2. History of the case
[4] Hearings were held prior to 2003 in the presence of member Trudy Shecter (tribunal's record, p. 40 to 45). Another hearing was held on September 13, 2004 where Mr. Cliff Berry of the RPD decided that the matter should be heard de novo as Ms. Shecter was no longer a member of the RPD (tribunal's record, p. 54).
[5] On January 7, 2005, a first hearing was held on the merits, again before member Berry. On January 11, 2005, the Applicant filed a notice of application to re-open this hearing in order for him to provide further evidence (Applicant's record, p. 44). On January 28, 2005, this application was denied and the RPD gave counsel an additional 14 days to make submissions. On February 16, 2005, the Applicant's counsel sent the RPD a letter (tribunal's record, p. 60 - the letter is mistakenly dated February 16, 2004) requesting that an extra delay be granted.
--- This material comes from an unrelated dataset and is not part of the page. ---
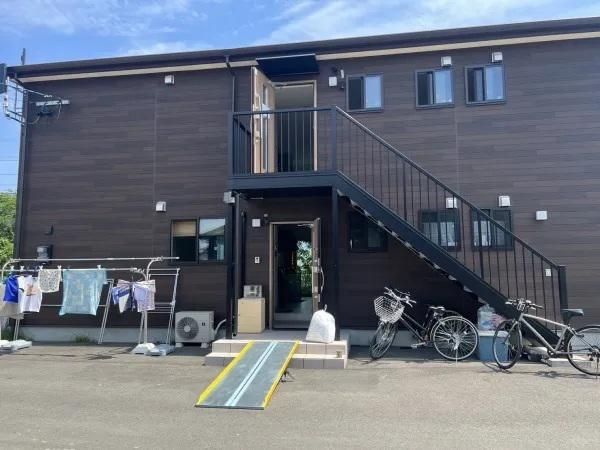 合同会社エンジェルケア　スマイルハウスみやまるのアルバイト・バイト求人情報-03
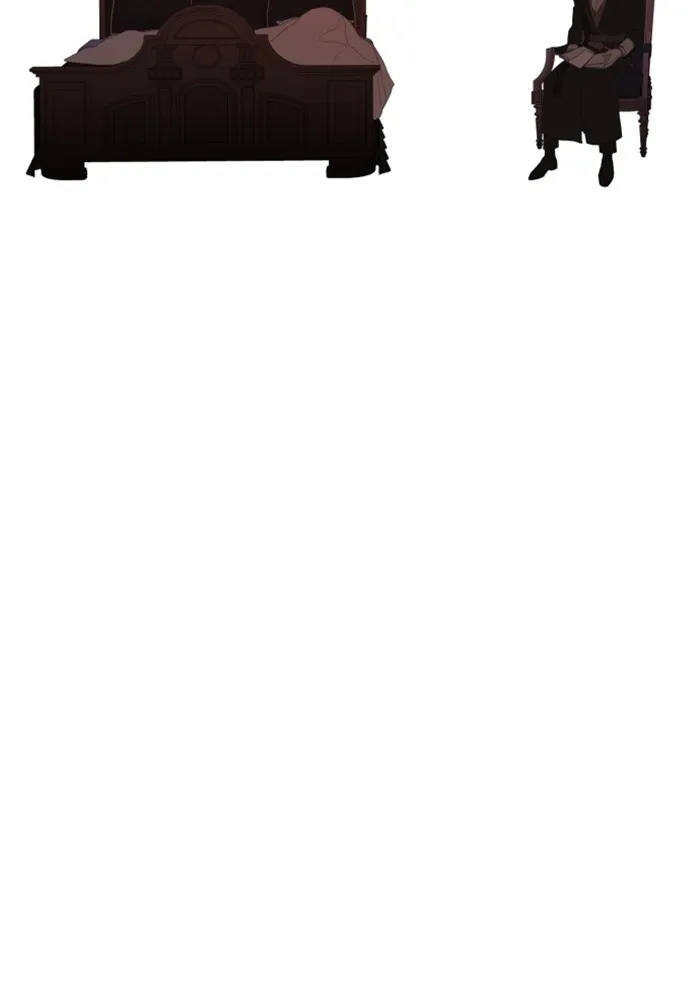 ครอบครัวสามีเห็นทีจะคลั่งรัก ตอนที่ 25 รูปที่ 56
This request was allowed on February 21 or 22, 2005 (the date indicated differs on p. 68 and 69), the file was re-opened and a hearing was scheduled for April 13, 2005.
[6] In a last-minute letter dated April 12, 2005 (tribunal's record, p. 65-66), the Applicant Counsel requested that arrangements be made to hear two witnesses over the phone. These witnesses would allegedly help the Applicant to cast doubt on the reliability of the information used by the RPD in reaching its decision. Mr. Berry rejected the application from the bench (tribunal's record, p. 289) during the final hearing held on April 13, 2005. At the same date, the RPD rejected the refugee claim from the bench as well. Written reasons were rendered on April 29, 2005.
3. Impugned decision
[7] The Applicant's was found not to be credible because he submitted documents that were found to be forged. In the RPD's view, the Applicant would not have needed to submit false documents, and would not have tried to mislead the RPD, if he really had an involvement with the JP in Bangladesh.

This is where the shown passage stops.